Google changed email behavior in early 2024 (and continues in 2025 with no sign of reverting): when the calendar invite gets sent from your organization to someone who has never had any previous email interaction with you, the email shows up displaying "unknown sender" instead of your company name. The calendar invite is buried inside that email, and the person must press "I know this sender" before they can accept it and get it onto their calendar. Historically, calendar invites just showed up with your company details visible and went directly onto the person's calendar. Now they look like spam. Most people who book calls use Gmail (business or personal), so this affects the majority of your leads.

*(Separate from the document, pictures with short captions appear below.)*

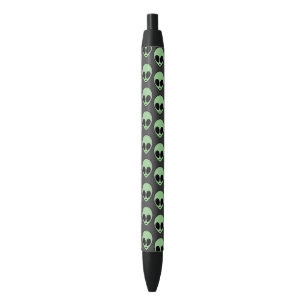 Caneta Preta Alienígena Verde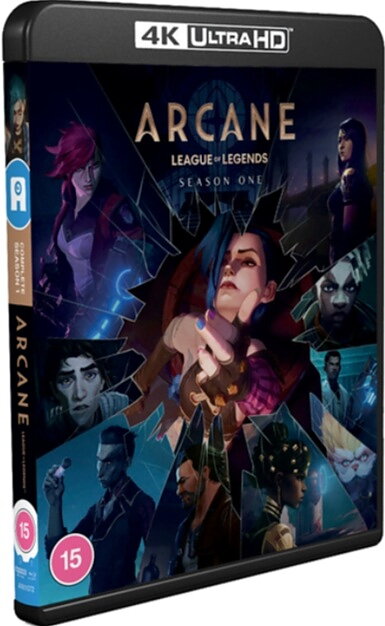 Arcane: League Of Legends - Season One (BLU-RAY 4K ULTRA HD + BLU-RAY)
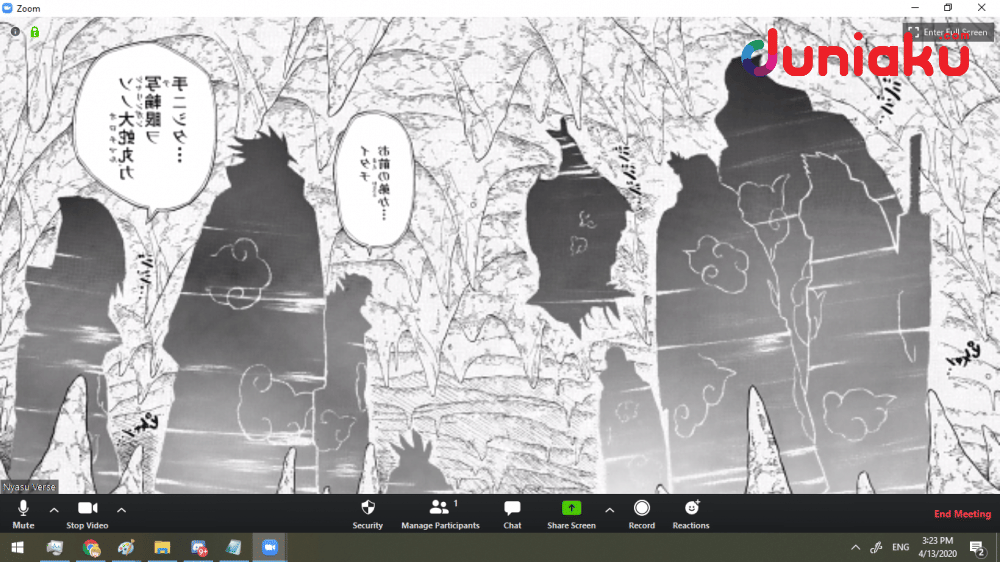 Pertemuan Akatsuki di Zoom. duniaku.com/Adhitya Daniel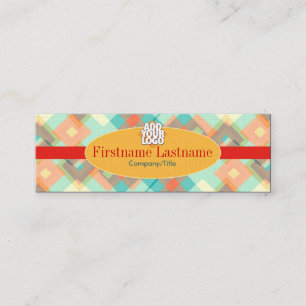 Diamant Textil Retro Mini Visitenkarte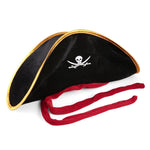Cosplay Pirate Captain Hat Skull & Crossbone Design Cap Costume for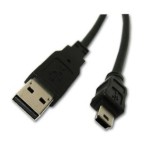 cable mini USB 2.0 - de camara fotos al PC , detectores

Fix: At the very top of your confirmation page — the first thing they see after booking — show a screenshot of exactly what that "unknown sender" email looks like in their inbox. On the desktop version of the confirmation page, use a desktop Gmail screenshot. On the mobile version, use a mobile Gmail screenshot. This way the person knows exactly what to look for, presses "I know this sender," and accepts the calendar invite immediately after booking.

2. Three Short Framing Videos (NOT one long video)

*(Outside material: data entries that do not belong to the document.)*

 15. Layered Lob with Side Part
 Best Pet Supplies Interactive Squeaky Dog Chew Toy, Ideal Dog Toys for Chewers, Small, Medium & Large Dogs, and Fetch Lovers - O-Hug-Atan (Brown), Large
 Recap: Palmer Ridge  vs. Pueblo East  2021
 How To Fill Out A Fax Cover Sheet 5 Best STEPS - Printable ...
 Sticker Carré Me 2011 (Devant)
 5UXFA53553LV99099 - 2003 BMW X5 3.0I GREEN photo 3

Replace the traditional single long framing video with three separate short videos. People consume three short videos at a dramatically higher rate than one longer video covering the same material.

Video 1 — Nurturing: Take all the feedback your salespeople give you — everything they're "bitching about" having to explain or nurture on calls. Whatever your closers repeatedly have to educate leads on, whatever information leads are missing when they show up — put all of that into this video. The goal is to answer those questions before the lead asks them on the call, so your salesperson doesn't have to do the nurturing live.

Video 2 — FAQ / Objection Handling: The most common objections that come up during your sales process, framed as an FAQ. Handle them before the call so the salesperson doesn't have to.

Video 3 — Case Studies + Expectations: Specific case studies, what people should expect from the process, and what happens after they buy. Set realistic expectations and build confidence.

3. Loaded Testimonials (the rest of the page)

Fill the remainder of the confirmation page with highly believable testimonials. These must be:

  • Screenshots from the original platform (social media DMs, emails, Slack messages) — NOT retyped quotes with stock photos and "first name, last initial"
  • Video testimonials when possible
  • Real, verifiable proof — not Trust Pilot reviews (many people don't even believe Trust Pilot is real and think it can be manipulated)

Jeremy's own Master Internet Marketing page has 3/4 of the page covered in screenshotted testimonials from students — week-by-week feedback from people who went through the class. That density of social proof is what you're aiming for on your confirmation page.

Ask the User:

  1. Do you currently have an opt-in page before your call funnel? (If yes, walk them through the 90-day revenue test)
  2. What application/scheduler software do you use? (Push toward Typeform + Calendly integration if they're not already using it)
  3. What type of video do you have or plan to create for the main page? (VSL, Mini Webinar 1.0, Mini Webinar 2.0)
  4. What are the top 3 things your salespeople have to explain or nurture on calls? (This becomes Video 1 on the confirmation page)
  5. What are the top 3-5 objections that come up on sales calls? (This becomes Video 2)
  6. Do you have case studies and testimonials ready? (This becomes Video 3 + the testimonial section)

Step 3: Content Strategy — The Hammer Them Framework

Purpose: Build the content retargeting and email sequence that frames every booked lead before their call, turning salespeople into cashiers.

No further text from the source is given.